There was a sharp contrast in the approach to names, too. I am at home with the NHS practice of using Christian names and at Guy’s I answer to John or “my dear” or even “darling”. The Kingsbury centre must be the last home of deference; it was “Lord Biffen” from the start. In what was a kind attempt to make me feel at home, I was told that Lord Tennyson had once been a patient. Politely I inquired what had happened to him. “Oh, he’s dead,” they replied.
An uncertain factor about dialysis is the quality and quantity of food. At Guy’s the tea lady comes round like clockwork twice during the morning, first with two slices of buttered toast, then with three biscuits. At the Royal Shrewsbury you have the option of marmalade on your toast and a full two-course lunch served at midday. The lemon sponge is star quality. At Kingsbury I chose breakfast from a wide menu. After some experimenting I settled for oats with a mountain of sugar, bread and butter and a fruit platter of grapes, pineapple, melon, pawpaw and lettuce.
Contrary to folklore, dialysis is not painful, but it is immensely tedious. Reading and the radio are means of passing the time but Kingsbury excelled with a personal TV set at each chair. Initially I was dismissive of this facility, believing it would be Tom and Jerry and endless advertisements for flashy domestic appliances. I was mistaken. Station E showed episodes from The World At War and the mornings slid away.
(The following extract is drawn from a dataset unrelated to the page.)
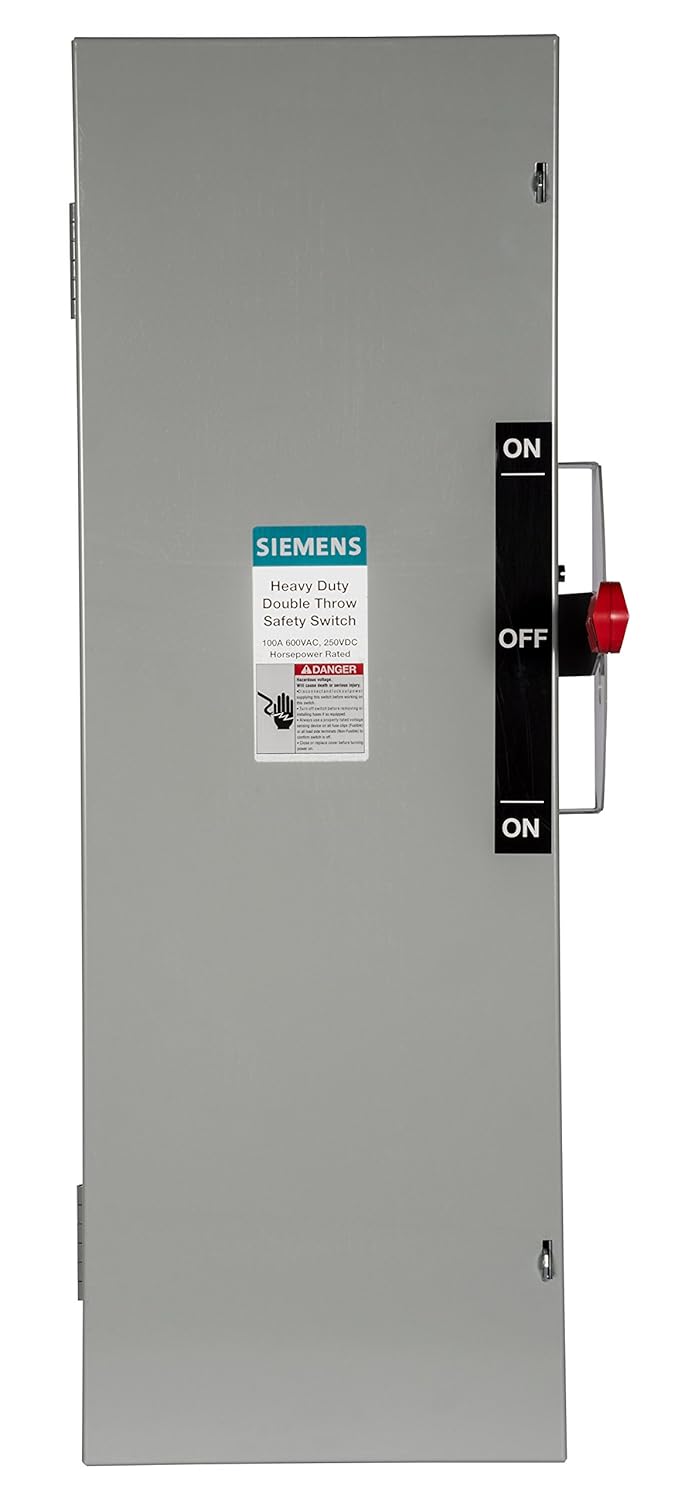 Siemens DTF363 100Amp 3 Pole 600volt 3 Wire Fused Double Throw Safety Switches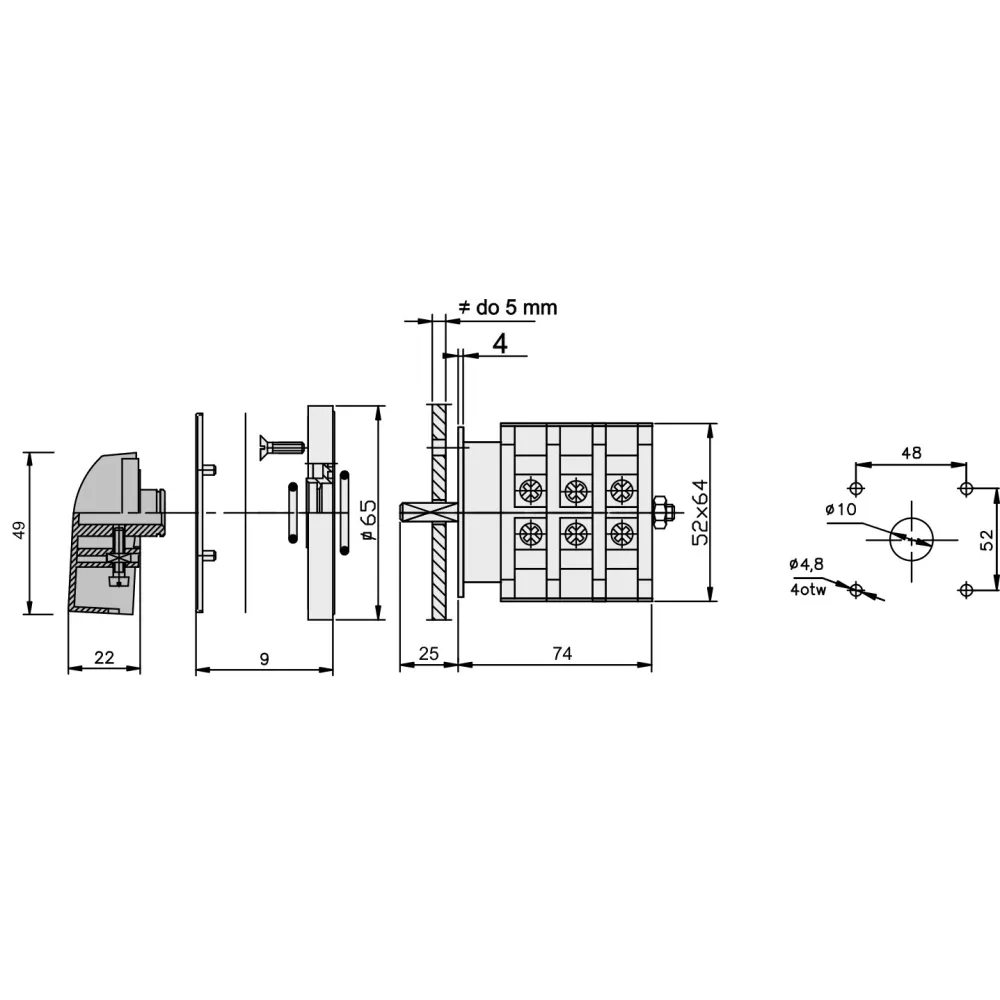 Łuk 25-42 L-0-P łącznik krzywkowy B/O 25A - niezawodny łącznik 25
Behind every caring nurse is the spectre of the accountant. The dialysis fee at Kingsbury (excluding drugs but including breakfast and TV) was £70 a session. My six-week stay required 18 sessions. The fee was assisted by the sharp fall in the rand. In Britain, private dialysis can be three times this figure. I left Cape Town feeling that I had benefited from high clinical standards and efficient administration which limited my waiting time. I am now growing weary of being told how well I look.
I am not an NHS critic and I continue to have a close friendship with the nurses at Guy’s and the Royal Shrewsbury, but the visit to Cape Town has confirmed two judgements. One, there is a need to have many more organs available for renal transplant. I know that Tam Dalyell has included this issue among his many campaigns, so I live in hope. Second, I am anxious to see the expanded use of satellite kidney units. I would like to know the true costs of smaller units of 20 beds or less.
Guy’s recently established a unit at Forest Hill and Shrewsbury will soon open one at Telford. How tragic that the dialysis unit at St Thomas’ has been closed.
Meanwhile I sit at Guy’s and look at the wind and rainswept, leaden sky, thinking of a fruit platter and hoping that Alan Milburn will get it right.
Lord Biffen was vice-chairman of the All-Party Parliamentary Kidney Group and Patron of the NKF - National Kidney Federation (UK).